At TRC Tourism, our values are trust, respect and collaboration. These are at the core of every project we work on, when dealing with clients, the community and other stakeholders.
They are particularly prevalent in our Indigenous tourism projects, where great emphasis is placed on relationship building. Gaining a deep understanding of Country and Community, and the community’s aspirations and needs, is essential every step of the way.
Our Alice Springs-based Senior Consultant, Tracey Diddams and our newly appointed specialist First Nations Tourism partner Victor Cooper have been building their professional and personal relationship over years of jobs, businesses and projects. They first started as work colleagues together in 2012 at Kakadu National Park, with Victor as a Traditional Owner and Board Member and Tracey as the Tourism and Visitor Services Manager.
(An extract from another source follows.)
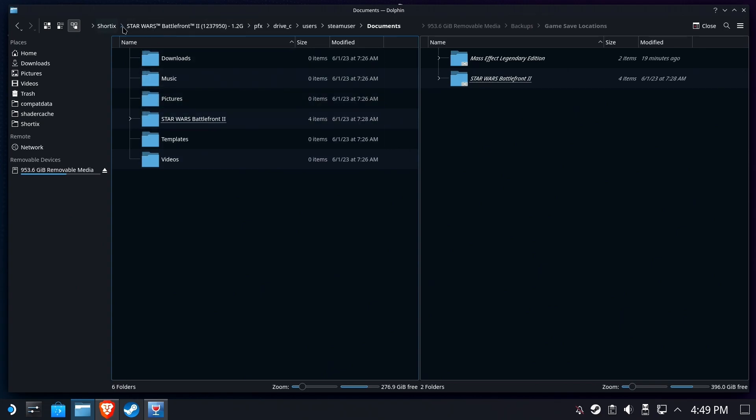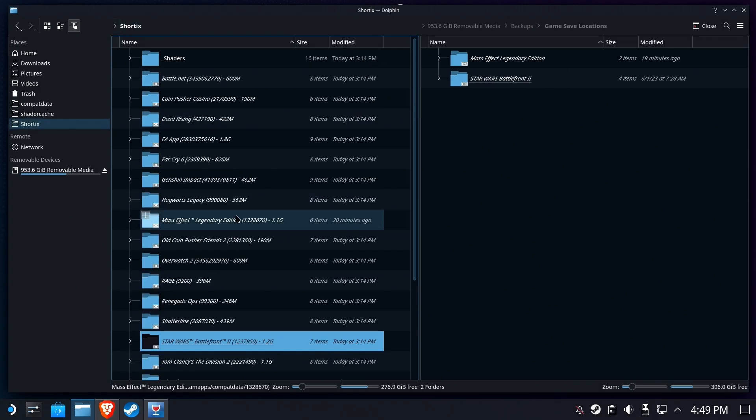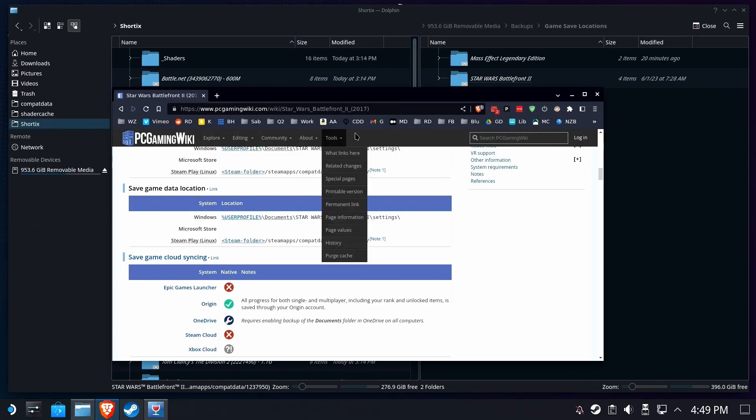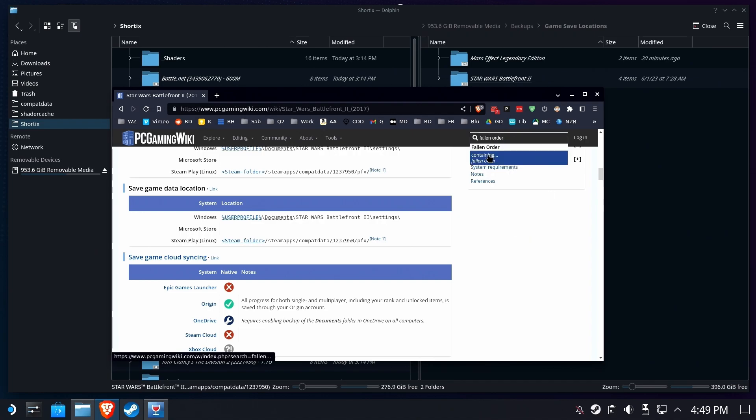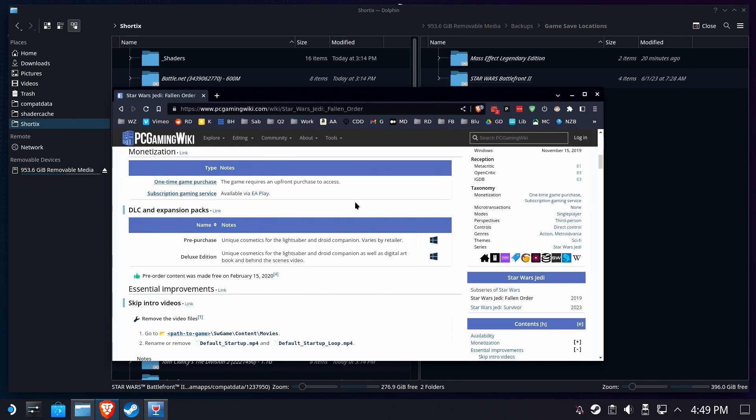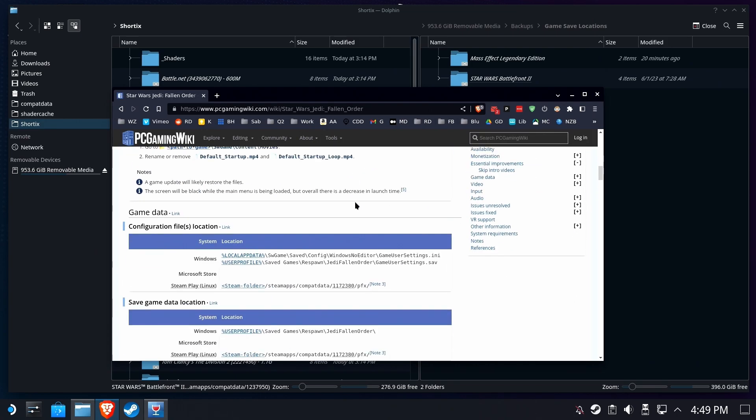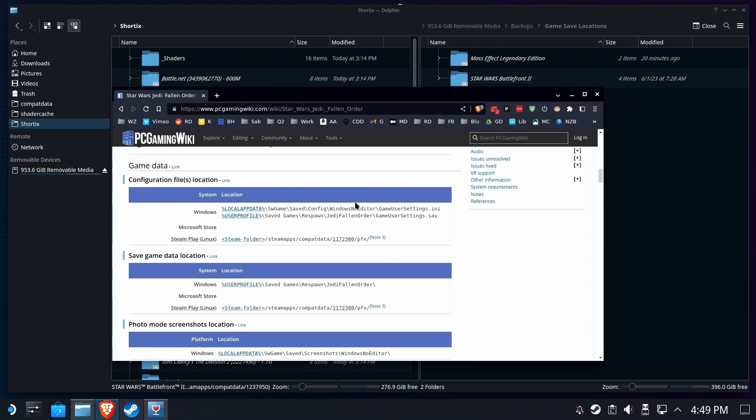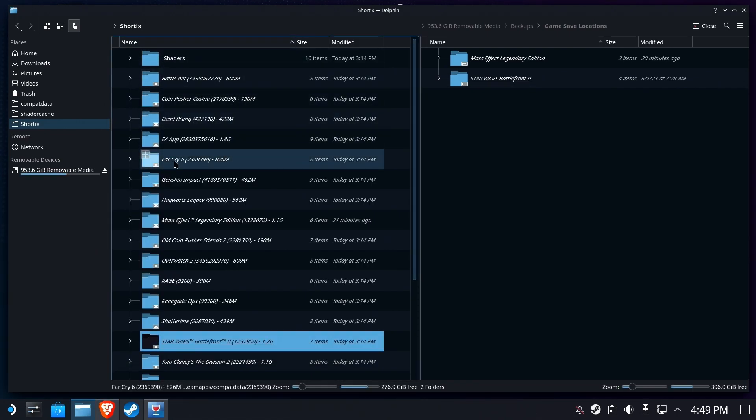Now we have one more to do, which Shortix didn't get for us. So it's a really good thing that Fallen Order will give us an opportunity to find this Compat Data folder ourselves. Here's where it says the save game location is user profile, save games, respawn, Jedi Fallen Order. But we, the prefix number, it happens to be right here. It's 1172390. And it's not here in Shortix, so we're going to have to go find it ourselves.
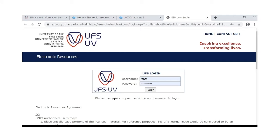Remember you have to use your campus username and password to log in.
They have since worked as cross-cultural consultants, researchers and project managers, business way and cultural way mentors for one another. And importantly for both of them, they have become great friends. Tracey and Victor are currently working together with the Northern Territory Government and Northern Territory Aboriginal Tourism Committee, and contributing their lifetimes of learning and expertise to the development of the Northern Territory Aboriginal Cultural Tourism Framework.
Along with our client Sarah Gorst of South Coast Seaweed, Tracey and Victor are participating in the Indigenous Truth Telling Plenary Session at the Australian Regional Tourism Convention in Newcastle today. If you’re there, make sure you say hello – they would love to have a chat.
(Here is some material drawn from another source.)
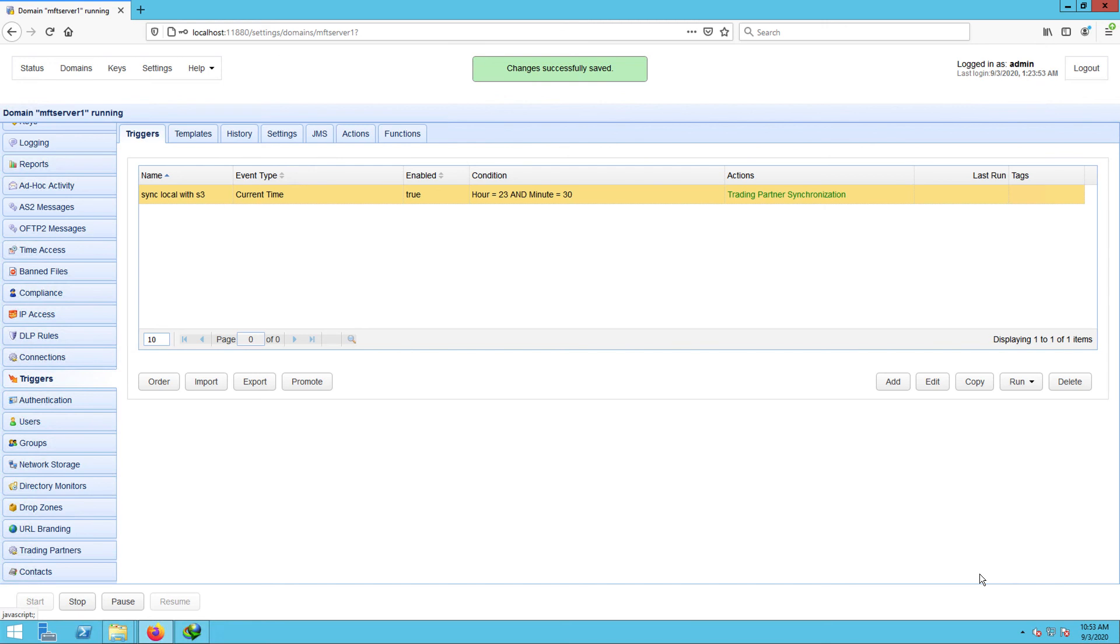Now you know how to configure JScape MFT server so that you can mirror an FTP or FTPS folder to an Amazon S3 bucket folder.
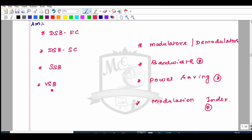There are four types of amplitude modulation principles: Double Sideband Full Carrier (DSB-FC), Double Sideband Suppressed Carrier (DSB-SC), Single Sideband (SSB), and Vestigial Sideband (VSB).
There will be many topics covered in the session, including the benefits of using a cross-cultural approach to Indigenous Tourism and Indigenous Business projects.
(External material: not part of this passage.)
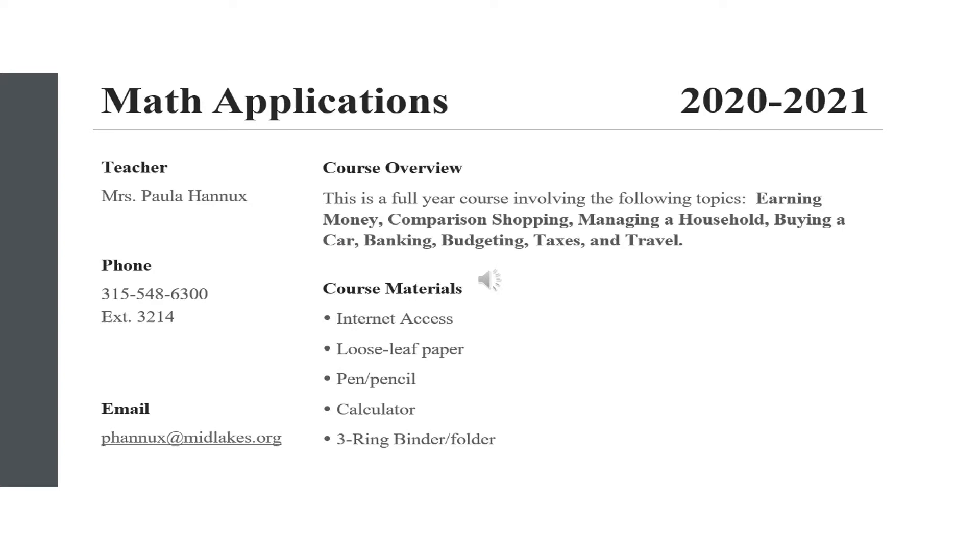This is the top of the syllabus I shared with your student on our first zoom meeting. Math applications is a full year course involving a variety of topics important to young adults as they navigate from high school into the modern world.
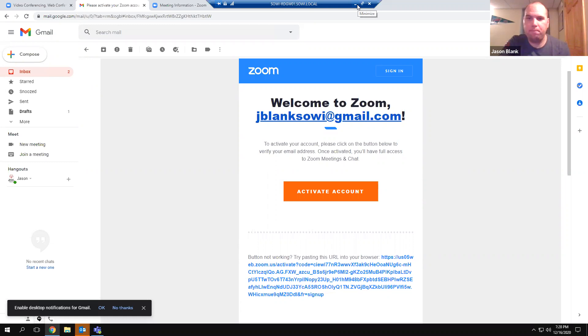Sharon asked: if you go over your participant limit, what happens? Do they send you an email, or do they not let other people on? We have not yet been over a hundred. We've had meetings anticipated to go over a hundred, so we actually upgraded the account further. I believe it will just cap it — it would either put people in a waiting room or say the meeting is full if you try to log in.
Victor and Tracey’s insights from their work together include:
- People are more comfortable speaking with an Indigenous and non-Indigenous person as they understand the knowledge and experience each of us brings. It also helps that we have both the ‘men’s side’ and ‘women’s side’ represented.
- It’s important that when planning tourism or community solutions, these come from the people from that land. They know what has been happening, they live there, they need to be the ones to decide how to ‘make it happen’, as they will be the ones to ‘make it happen’ in the future.
- In any relationship, especially cross-cultural, it is important to acknowledge and respect what each of us bring to share and support one another. Victor’s cultural knowledge, kinship links, understanding of cultural law and ways of reading Country are his strengths. Tracey’s ability to ‘speak government’ and skills in ‘business way’ and ‘tourism way’ are her strengths. By working together, our strengths are combined, enabling us to deliver an approach that follows both ‘cultural way’ and ‘business way’ protocols.
“We look forward to listening, learning and sharing the insights from this important conversation of walking together and working together,” Tracey said.
Images: Tracey and Victor pictured working in various locations over the years.